The U.S. District Court for the District of Columbia handed for-profit colleges a victory last week when it vacated most of the Education Department's controversial "gainful employment" rule designed to put the brakes on schools like Strayer College and the University of Phoenix if their graduates don't earn enough to pay back their student loans. The idea behind the rule was to set numerical targets to ensure that these schools' graduates are able to obtain jobs that support them. The court said that department was arbitrary and capricious in setting one threshold--requiring at least 35 percent of a program's graduates to be actively repaying their loans--in an otherwise reasonable rule.
The decision was a classic example of how one misstep by a regulator can cause the entire system to come crashing down. Reading Judge Rudolph Contreras's reasoning is like watching the bottom corner of a Lincoln Log house being forcefully yanked from the structure. He batted down at least a dozen other arguments served up by the Association of Private Sector Colleges and Universities, which challenged the rule, before agreeing with just one of them. Why, the judge asked, did the Education Department choose the 35 percent repayment threshold?

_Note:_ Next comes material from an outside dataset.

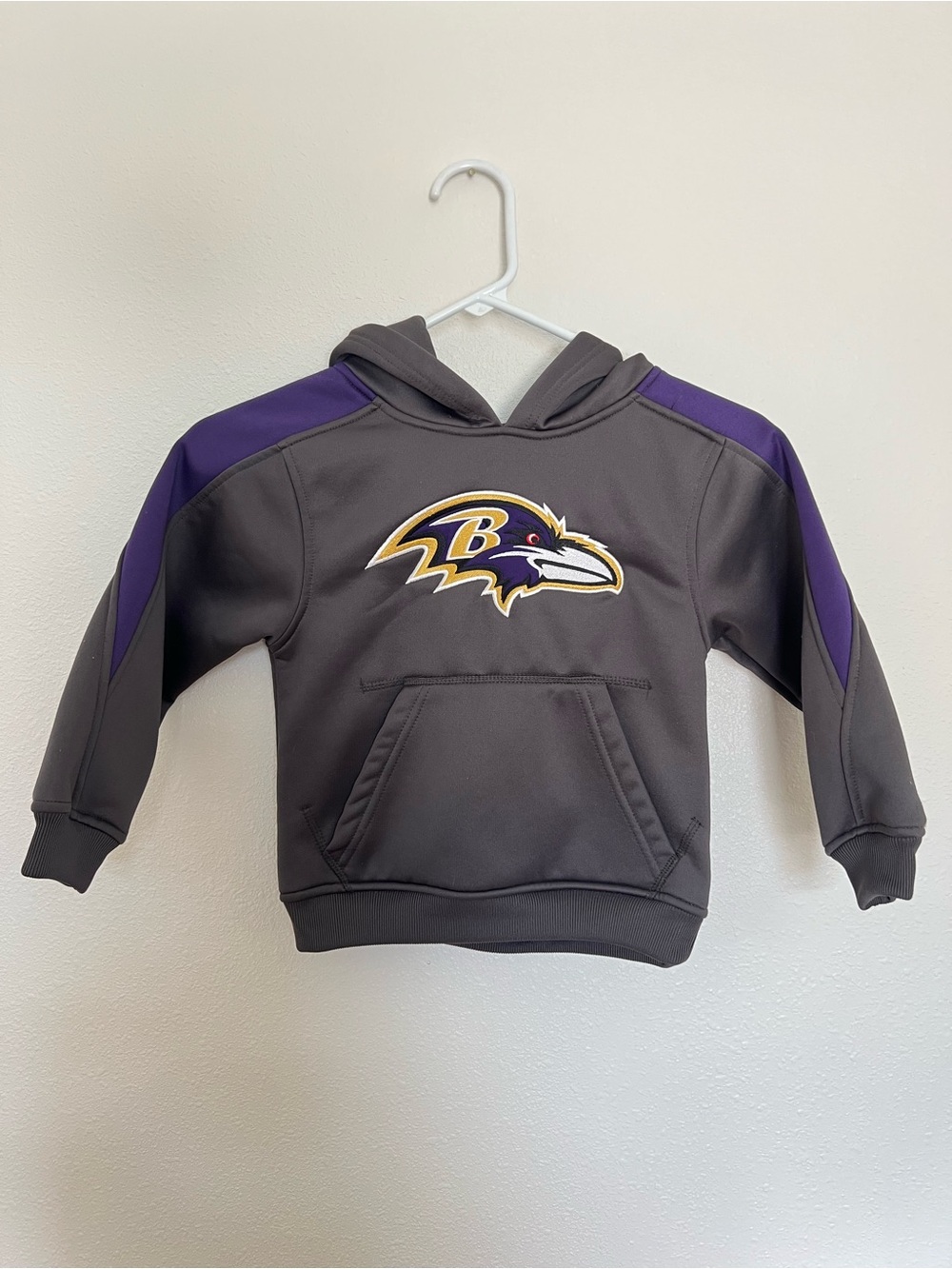 Kids NFL Baltimore Ravens Hoodie Black Purple Size 4 Pullover Logo
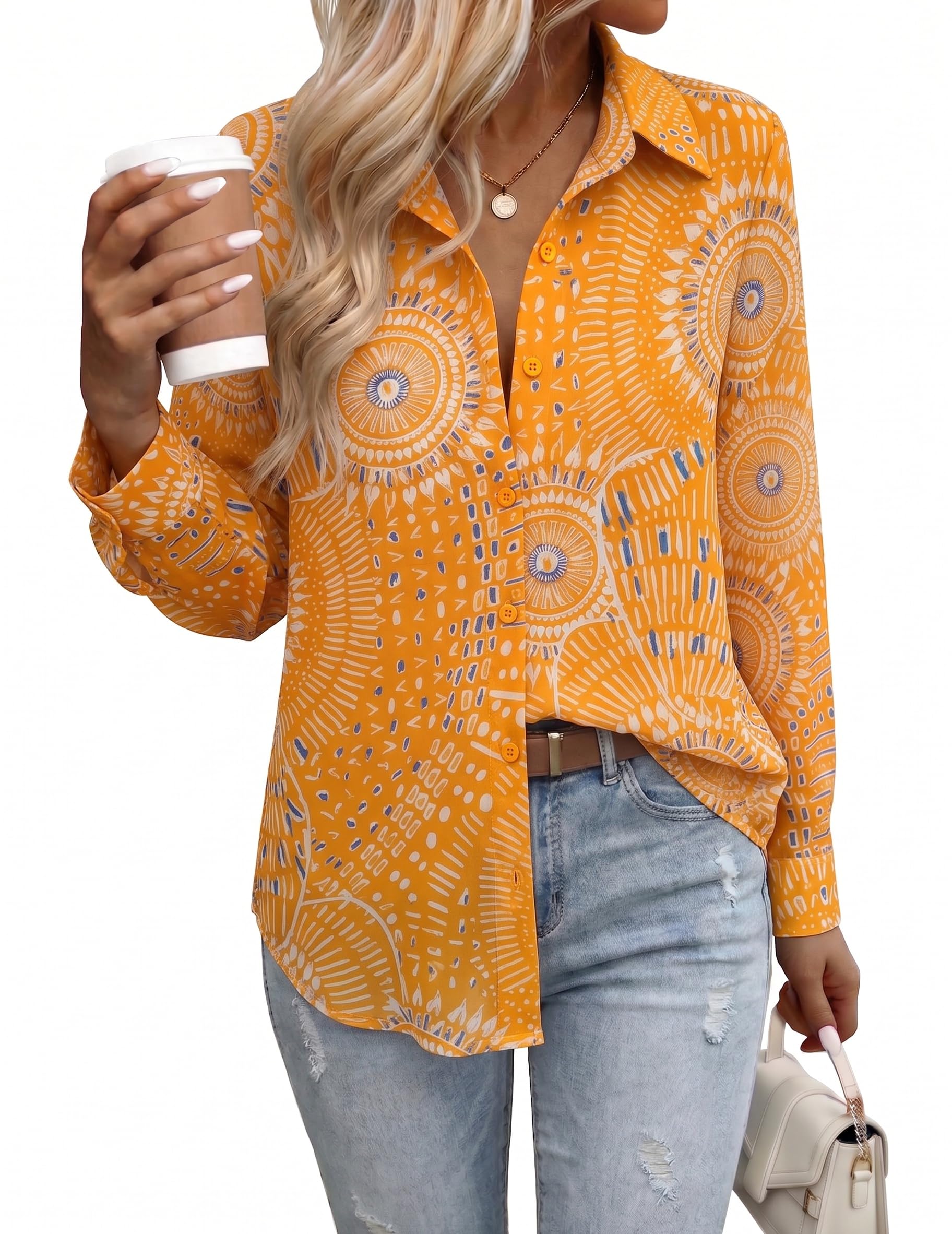 Zeagoo Button Down Shirts for Women Dressy Casual Printed Chiffon Blouse Global Recycled Standard Global Recycled Standard Global Recycled Standard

Because it could put 25 percent of low-performing for-profit colleges out of business. That's a pretty lame explanation. That threshold is central to the entire rule, which means that the rest of it can't hold up, even though court noted that the Education Department was perfectly within its rights to set other targets. The rule's a debt-to-earnings ratio, to ensure that students don't devote more than 30 percent of their discretionary income to loan repayment, was based in sound research, for example.
APSCU threw a lot of wet noodles at the Education Department's rule before it found one that stuck. The association alleged that the gainful employment rule was an "elephant in a mousehole" because it imposed large restrictions using a small window supplied in the higher education law. Contreras was not amused. "Neither the elephant or mousehole is present here," he wrote. "Department has gone looking for rats in ratholes--as the statute empowers it to do." He is clearly sympathetic with intent of the rule, to ferret out the rat schools that lure students with promises of lucrative careers and leave them with no diploma and a mountain of debt, even if it was improperly executed in one critical place.
What is a reasonable definition for "gainful employment?" Is it appropriate to expect colleges to supply their graduates with jobs that can support them? Is it fair to put such requirements solely on for-profit colleges? Are there "rats" in the for-profit college system? If so, how can the government stop their bad behavior? And can it do so without making life difficult for everyone else?